The Web is a great place to think outside the box. So why are we stuck in the banner mentality?
Marketers and agencies complain that banners stifle creativity and don't work for a lot of advertisers (dentalfloss.com, anyone?). Media sites abhor sending people away, which is exactly what happens when someone clicks on an ad.
SLAPPING ADS ON A SITE
Additionally, in the zeal to build the Web as an advertising marketplace, many have fallen into a lazy pattern of slapping ads on a few sites, looking at the click rates and making more buys on the sites that generated the most traffic.
While it's easy to see why agencies would want to automate the complex process of placing banners on the Web, such advertising is only slightly interactive.

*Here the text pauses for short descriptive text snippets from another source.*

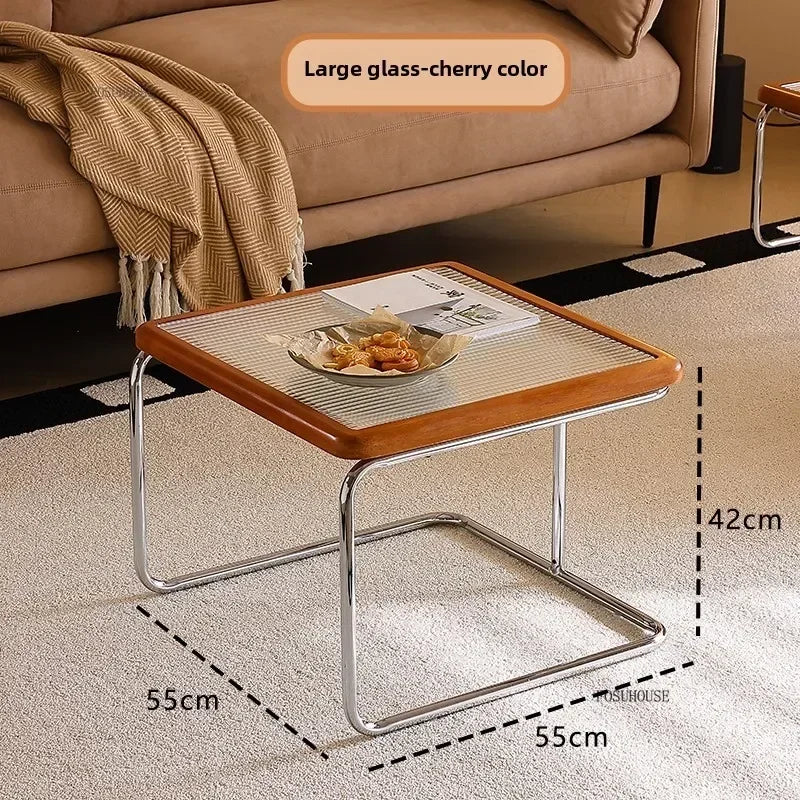 Table d'Appoint en Rotin Plateau Verre Style Rétro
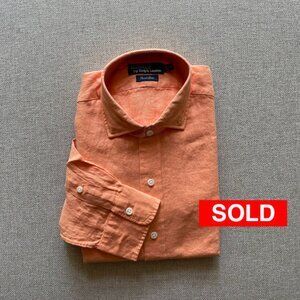 Polo Ralph Lauren Men's New Light Orange Linen Long Sleeve Shirt Size Medi…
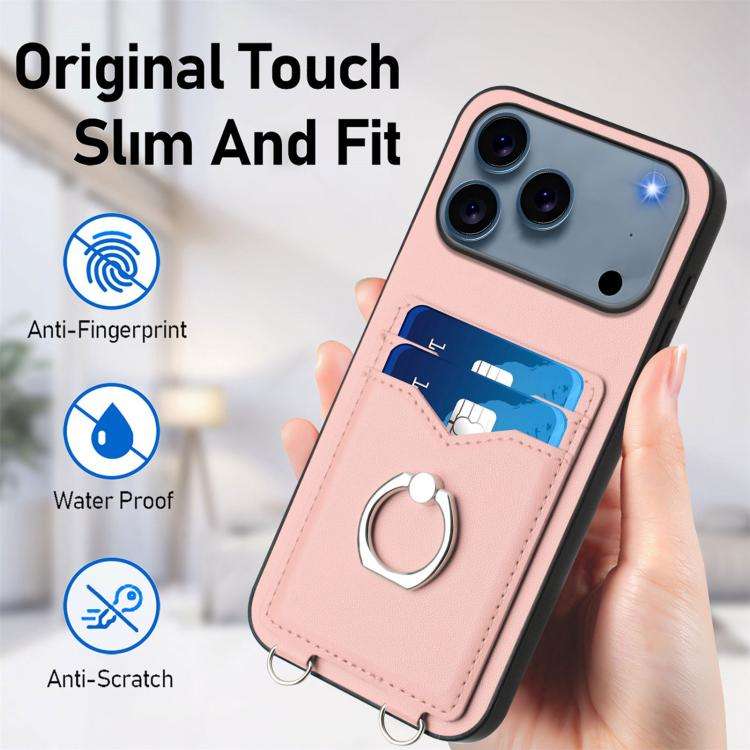 R20 Crossbody Rope Ring Card Holder Phone Case, For iPhone 18 Pro / 17 Pro, For iPhone 18 Pro Max...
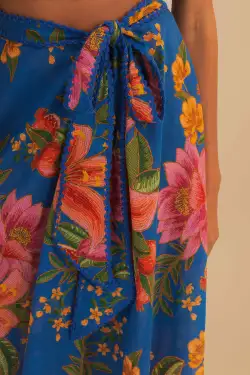 Blue Summer Fruit Midi Skirt(SUMMER FRUIT BLUE,XXS)
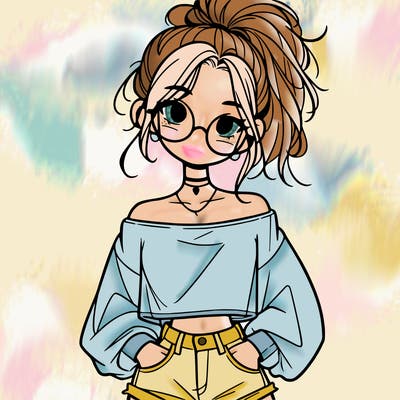 girl with a messy ponytail glasses a baggy crop top and jean shorts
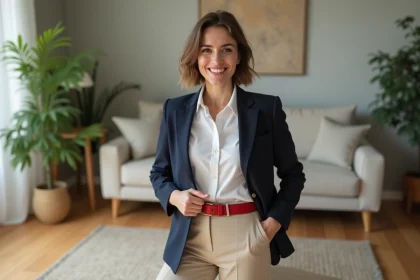 Femme en blazer bleu ajusté et ceinture rouge dans un salon lumineux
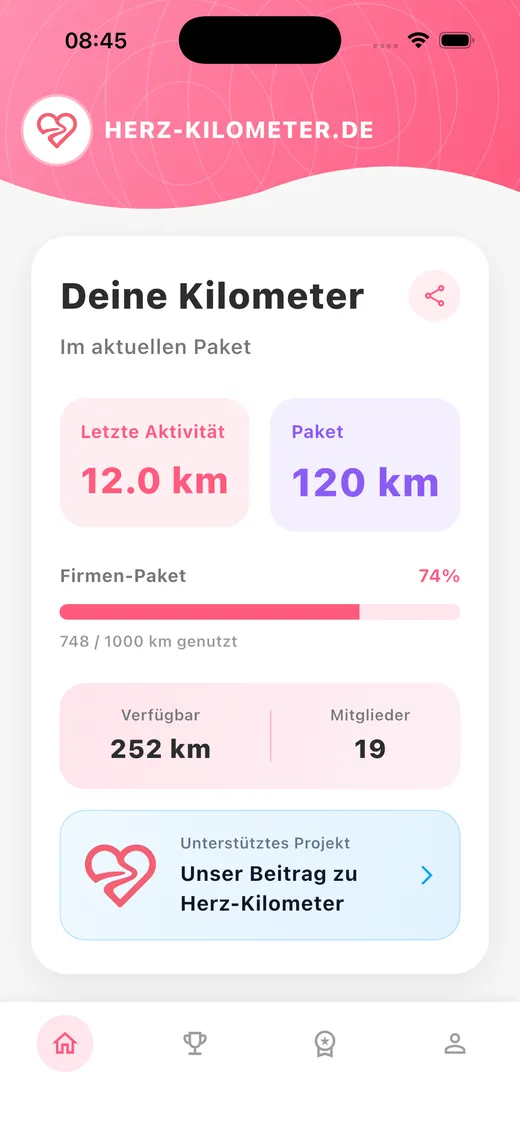 Herz-Kilometer App: Persönliches Kilometer-Tracking und Paket-Fortschritt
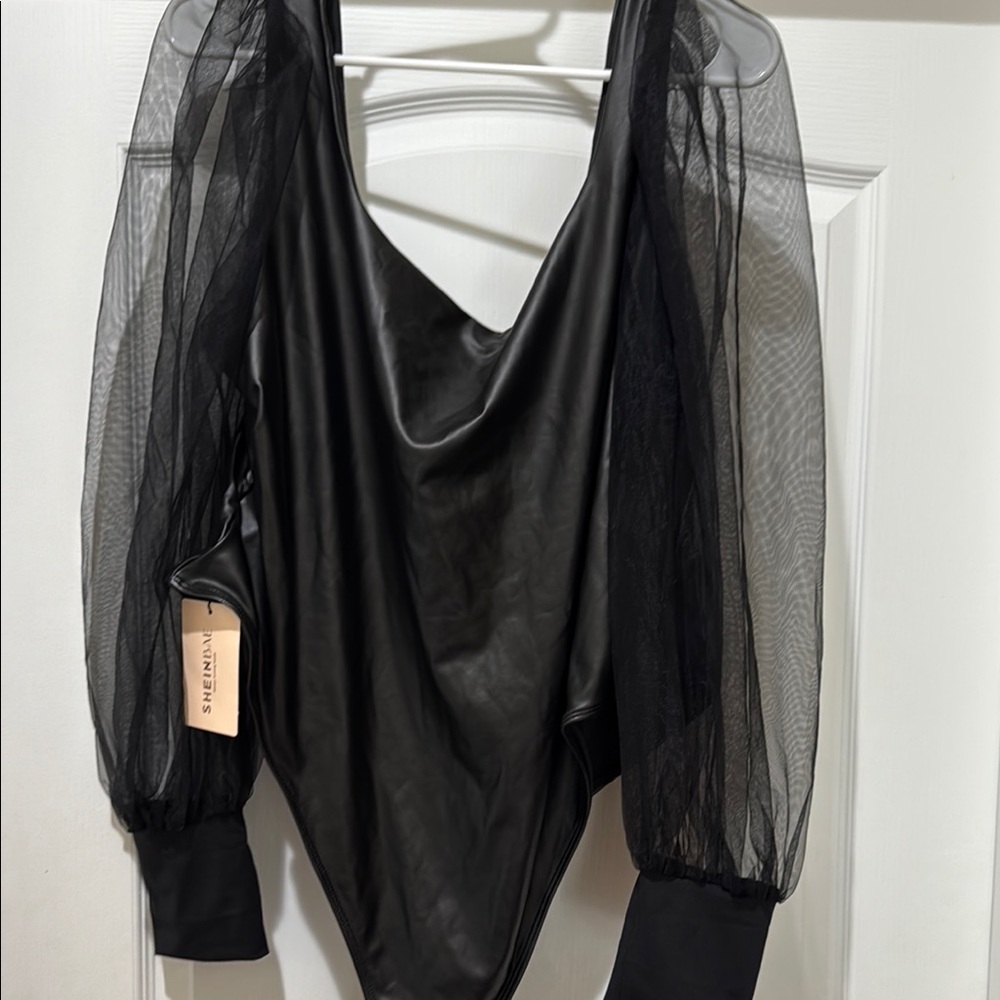 Shein Black Mesh Sleeve Bodysuit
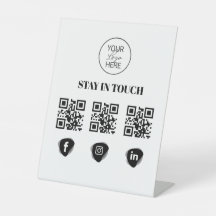 Panneau de table de code QR de médias sociaux pers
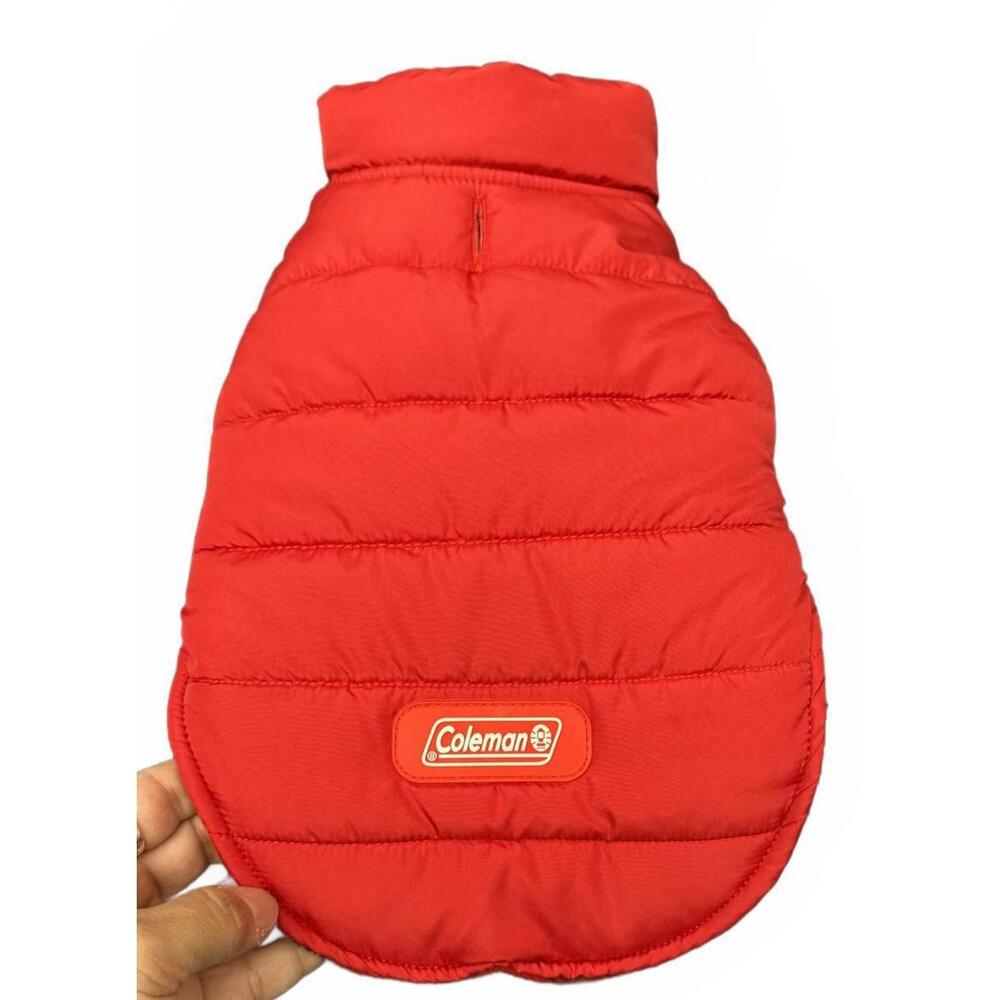 Coleman Red Puffer Dog Jacket with Buffalo Plaid Lining Adjustable Strap - Small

Worse, it's perilously close to being just another media buy, a calculation based on numbers and audience and delivery instead of relationships and targeting.
Banners work well for search engines because their sole purpose is to send people away to other sites. But for nearly everyone else, banner ads are becoming an interactive crutch.
"The ad models we have now were developed by garage shops," one high-profile agency interactive expert groused to me recently. "Buttons and banners are not really satisfactory at all."
GET SMART (BANNERS)
The answer, in hip Web advertising circles, is to go "beyond the banner." Some sites, such as HotWired, are experimenting with "smart" banners, which change depending on the visitor's browser type or domain (.com, .edu. etc.).
Firefly, an experimental site using intelligent agent technology, lets users rate ad banners on a scale of 1 to 7, with the notion being that as the system gets to know a person's likes or dislikes, it will start to display a banner that has a better chance of being clicked.
Even more intriguing and still quite controversial is the integration of marketers into media sites, and vice versa.
And Hearst HomeArts is about to unveil a major new content area devoted to food, with the backing of a single big sponsor that will integrate recipes into the site.
One need only look as far as CBS and Liz Taylor, or NBC's recent "Friends"/Diet Coke tie-in, to know the rules are bending in many mediums.
IT'S NOT TV
What it comes down to is this: The Web is not TV, where spots run in finite lengths and at set increments. There's no reason why advertising needs to look the same on every site.
Yes, going beyond the banner will throw a wrench in nearly everybody's plan. Tracking Web ad spending becomes impossible. Measuring click rates becomes a non-issue when everything happens inside one site.
Talk will soon turn from what makes a banner get clicked to what makes an ad click with a user.
The challenge is to make an ad relevant to its audience. And that means to begin thinking outside the box.
Debra Aho Williamson is editor of Interactive Media & Marketing.